WORK TASK
Pictures aside, repeat the listing below exactly.

PROVIDED MATERIAL START

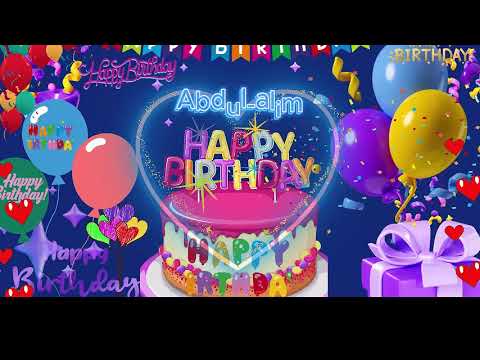 Abdul alim happy birthday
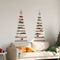 vidaXL - Hangende - kerstbomen - met - topsterren - 2 - st - 55x120 - cm - naturel - tak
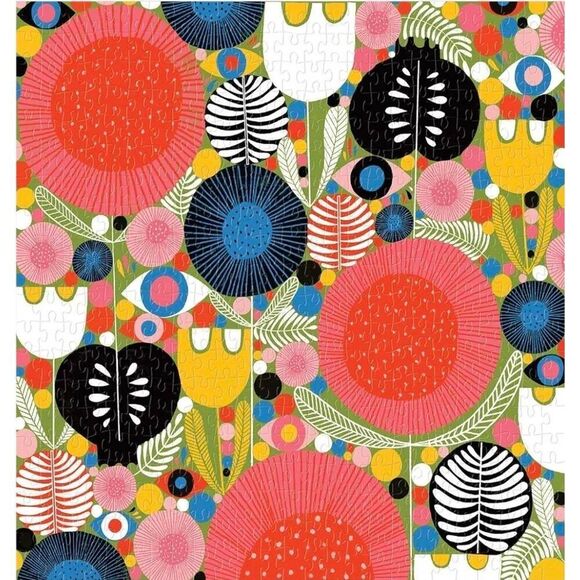 Galison Eyes in the Garden 500 pc Jigsaw Puzzle - Picture 3 of 11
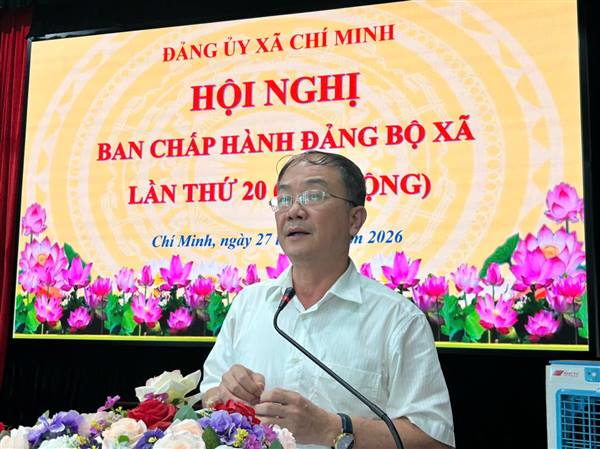 Đảng ủy xã Chí Minh tổ chức Hội nghị Ban Chấp hành lần thứ 20 mở rộng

PROVIDED MATERIAL END

WRITTEN RESPONSE
 Abdul alim happy birthday
 vidaXL - Hangende - kerstbomen - met - topsterren - 2 - st - 55x120 - cm - naturel - tak
 Galison Eyes in the Garden 500 pc Jigsaw Puzzle - Picture 3 of 11
 Đảng ủy xã Chí Minh tổ chức Hội nghị Ban Chấp hành lần thứ 20 mở rộng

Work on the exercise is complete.